A primera vista, parece un amasijo de cuerpos en casi todas las posturas imaginables. Los bienaventurados no estaban separados de los condenados, algo que no gustó a la curia: fueron muchos los que consideraron la obra irreverente. En la parte superior, situó a los ángeles con los instrumentos del martirio. Debajo, las almas justas que rodean a Jesucristo; sobre la cabeza de este, un ángel señala a dos hombres judíos. Aunque los judíos no podían aspirar a disfrutar de la recompensa celestial, ocupan el centro del fresco. A la izquierda se ve a las mujeres justas, que situó muy cerca de Jesucristo pese a que los teólogos aún discutían si las féminas tenían o no alma. Junto a ellas aparecen los hombres justos, cuerpos desnudos abrazándose o besándose. Dada la probable homosexualidad del autor, sería otra señal de una declaración de intenciones.

Un atípico Jesucristo, musculado y sin barba, se sitúa en el centro. Su rostro podría estar inspirado en la cabeza del Apolo de Belvedere. A su izquierda, San Pedro y San Pablo, y a su derecha, la Virgen María, que aparta la vista, como si no quisiera ver los castigos. Además, Buonarroti incluyó rostros de enemigos de la Iglesia. Entre ellos el de la monja Vittoria Colonna, líder de los Iluminados, un grupo que intentaba reformas en el Vaticano. La Virgen la mira, mientras Jesucristo mira a un personaje al que Miguel Ángel puso el rostro de su gran amor: Tommaso Cavalieri.

El Juicio Final, que reflejaba el gran tormento espiritual del autor, se consideró escandaloso; incluso llegó a hablarse de herejía. Aunque con él hizo muchos enemigos, seguiría siendo el artista preferido de los siguientes pontífices.

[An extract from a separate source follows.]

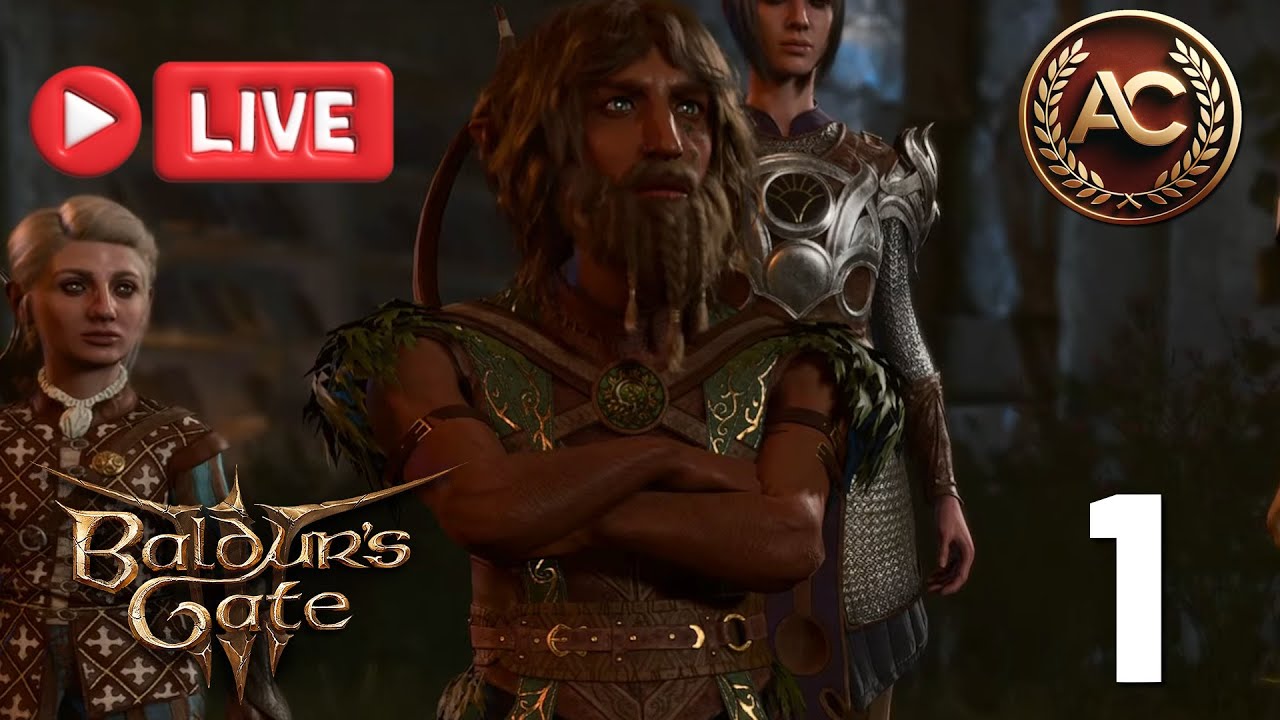 BALDUR'S GATE 3 ATTO 1 PARTE 1 || GUIDA COMPLETA IN ONORE || WALKTHROUGH PATCH 7 | LIVE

Miguel Ángel incluyó en la Capilla Sixtina gran cantidad de ideas atrevidas, las suyas: amar a quien se quiera, respetar a los judíos y las distintas creencias, indignarse ante la corrupción y la inmoralidad de la Iglesia… Puede que anhelara que alguien descifrara su código, descubriera el significado real de sus pinturas y lo hiciera público.